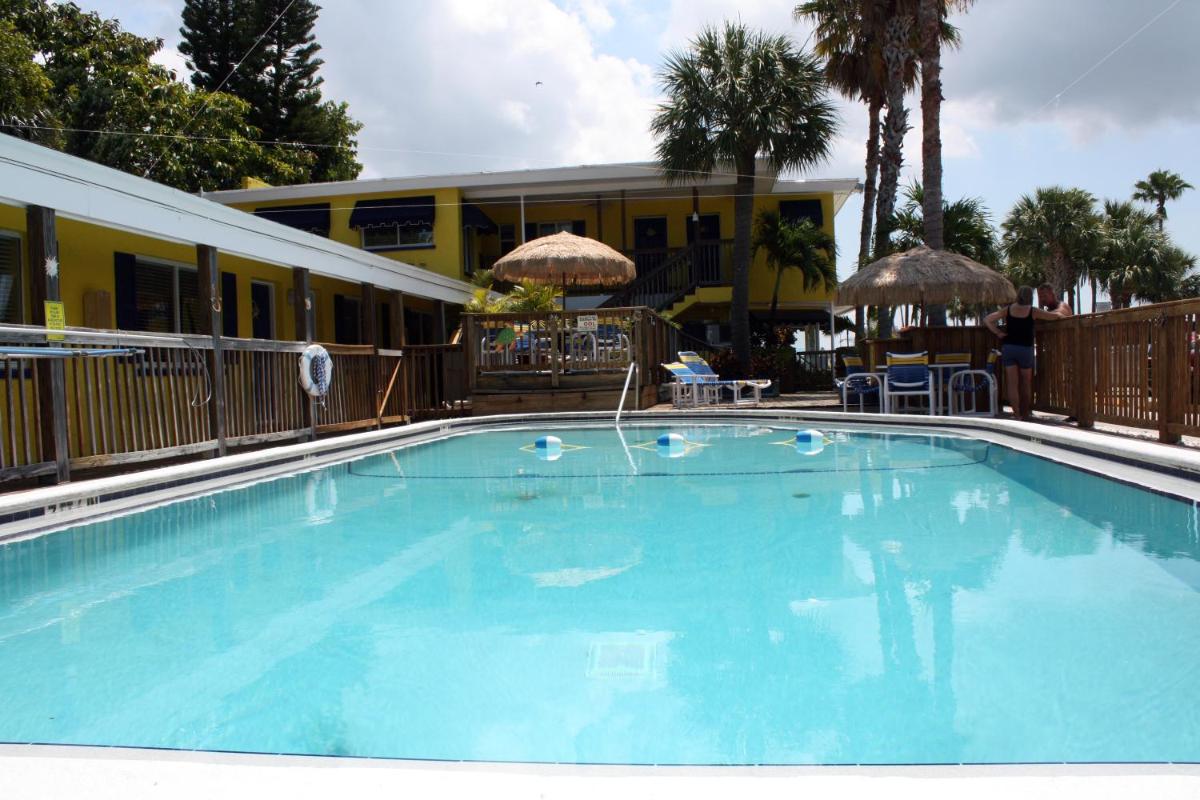 Barefoot Bay Resort Motel - image 7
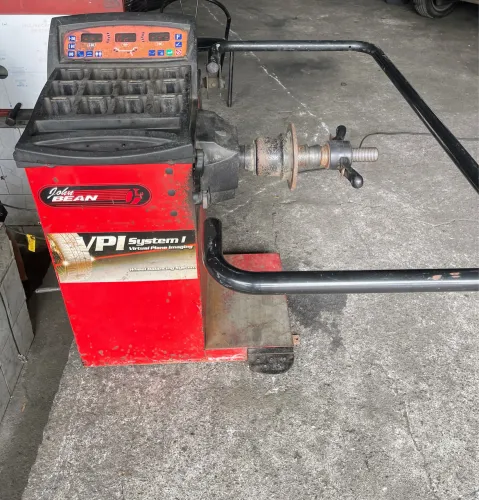 Uma Máquina de balancear e uma montadora de pneus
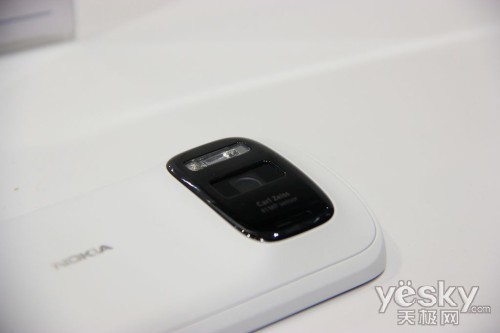 图为：诺基亚 808 PureView 手机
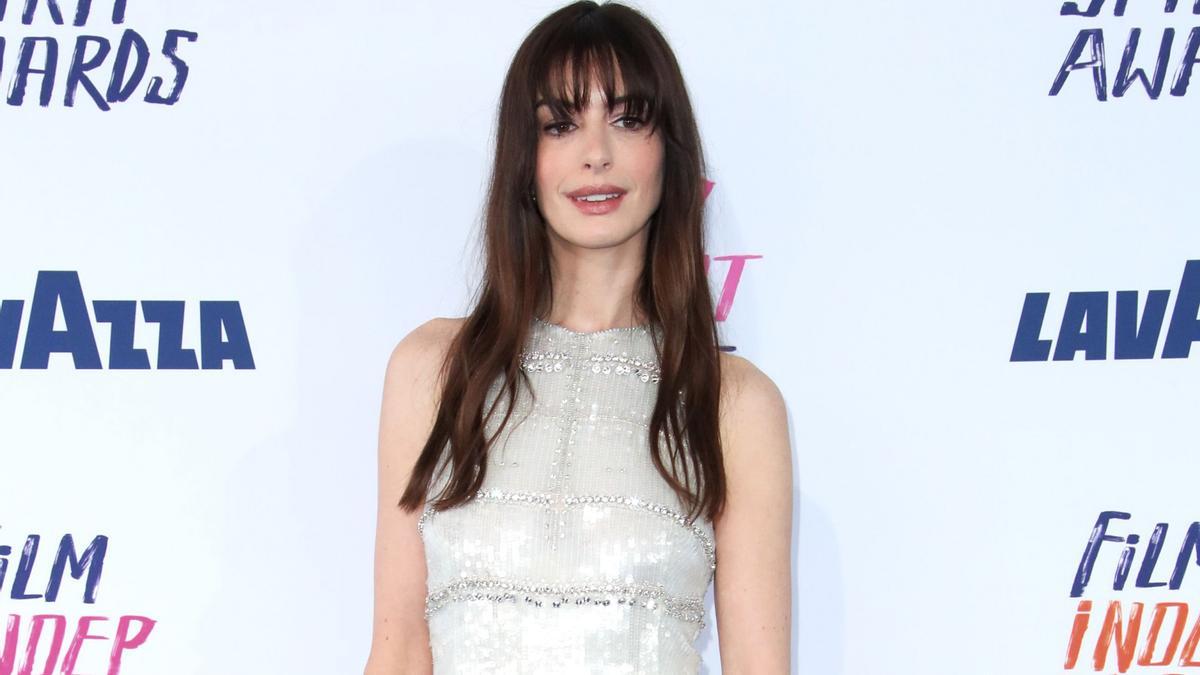 Anne Hathaway, estrella de Versace, elogia a Donatella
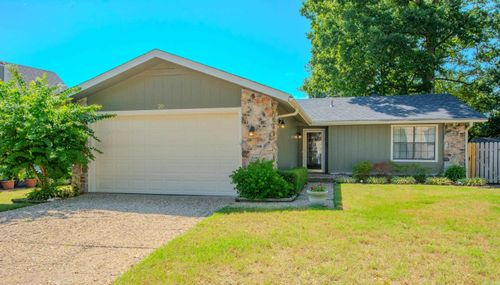20 Coronado Cv, Maumelle, AR, 72113-6102 | Card Image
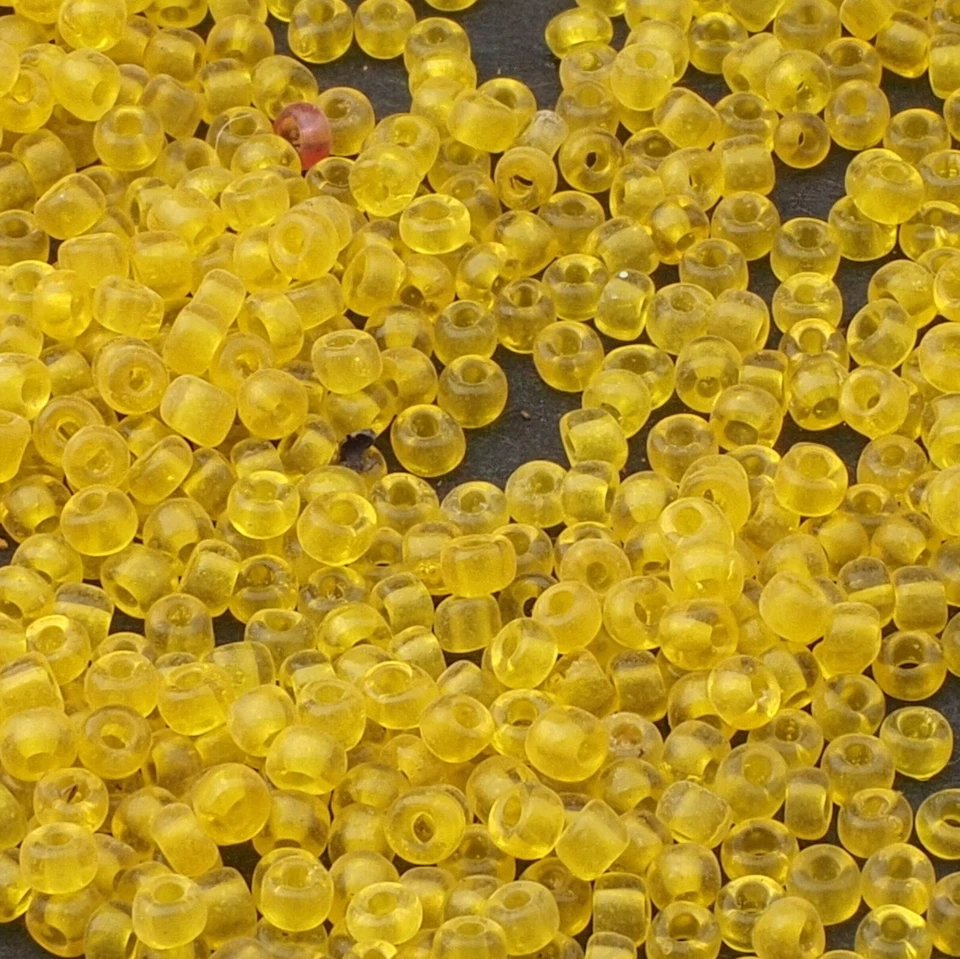 Lot (500) vintage Czech transparent yellow rondelle glass seed beads 2mm - Image 2 of 3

Activity:
Beginning at the line that contains "Uma Máquina de", give the remaining lines of the records again exactly, through the last one. Leave out pictures.

Solved exercise:
 Uma Máquina de balancear e uma montadora de pneus
 图为：诺基亚 808 PureView 手机
 Anne Hathaway, estrella de Versace, elogia a Donatella
20 Coronado Cv, Maumelle, AR, 72113-6102 | Card Image
 Lot (500) vintage Czech transparent yellow rondelle glass seed beads 2mm - Image 2 of 3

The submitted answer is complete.